Segment Start: SOURCE INFORMATION

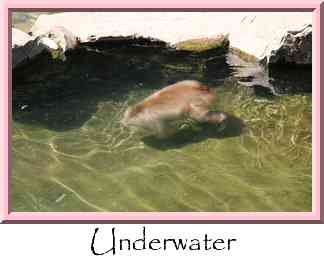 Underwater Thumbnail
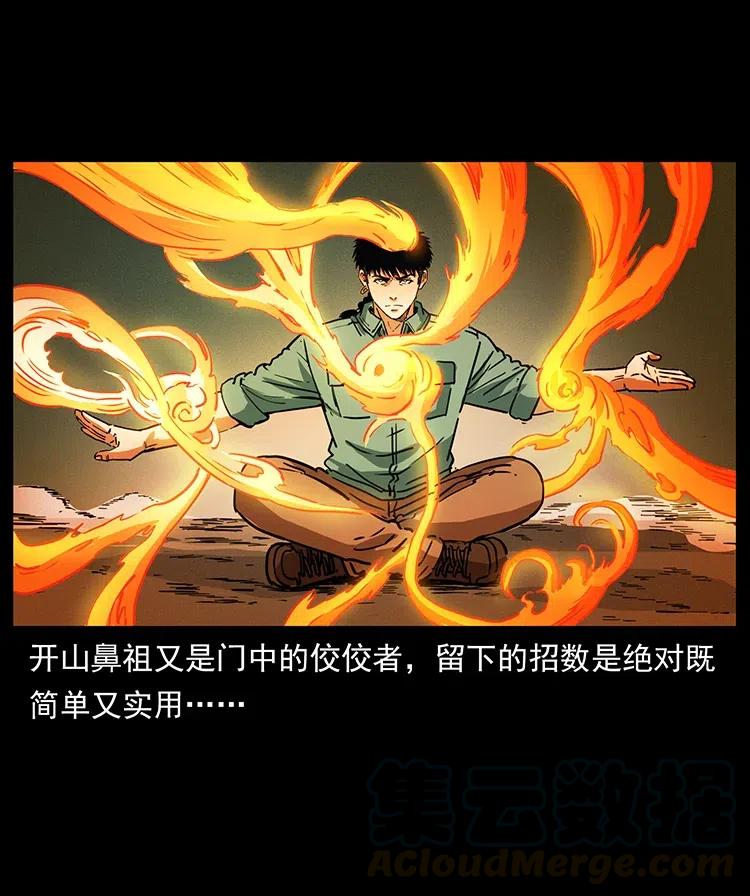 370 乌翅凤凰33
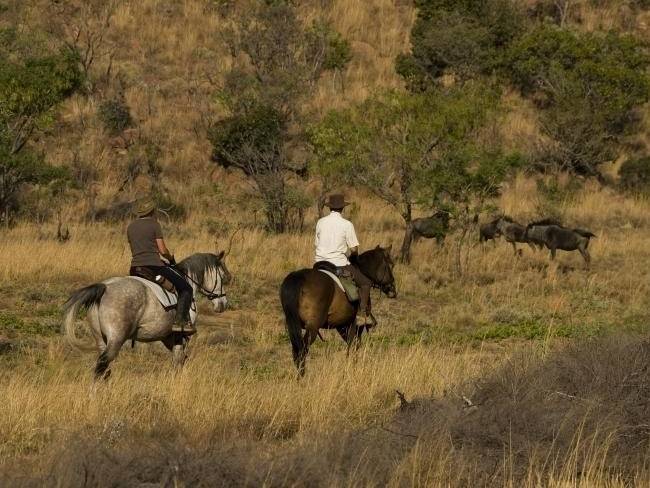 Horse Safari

Segment End: SOURCE INFORMATION
Segment Start: SOURCE INFORMATION

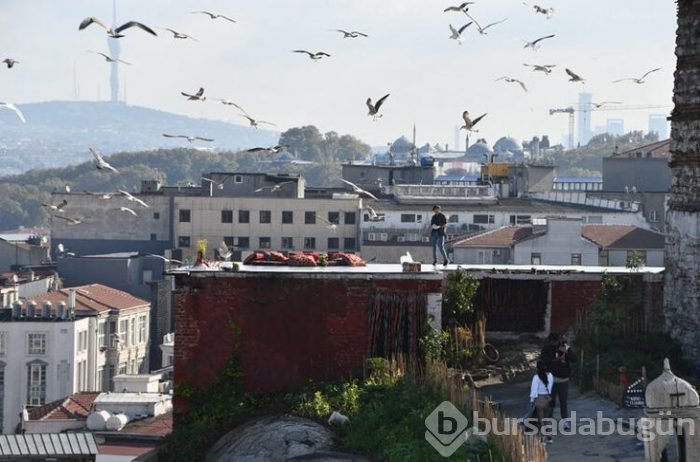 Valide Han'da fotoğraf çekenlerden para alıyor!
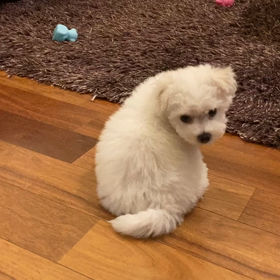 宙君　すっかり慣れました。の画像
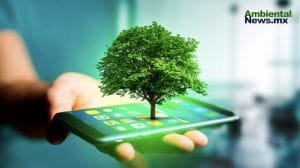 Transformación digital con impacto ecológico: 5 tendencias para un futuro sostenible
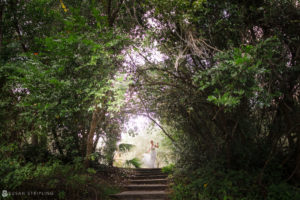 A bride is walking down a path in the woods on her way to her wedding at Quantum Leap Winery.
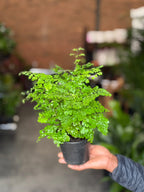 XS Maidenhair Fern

Segment End: SOURCE INFORMATION

*ASSIGNMENT:* In the entries above, find the line with "A bride is walking" and the line with "XS Maidenhair Fern". Write out exactly those two lines and every line between them, pictures excluded.

*EXERCISE ANSWER:*
 A bride is walking down a path in the woods on her way to her wedding at Quantum Leap Winery.
 XS Maidenhair Fern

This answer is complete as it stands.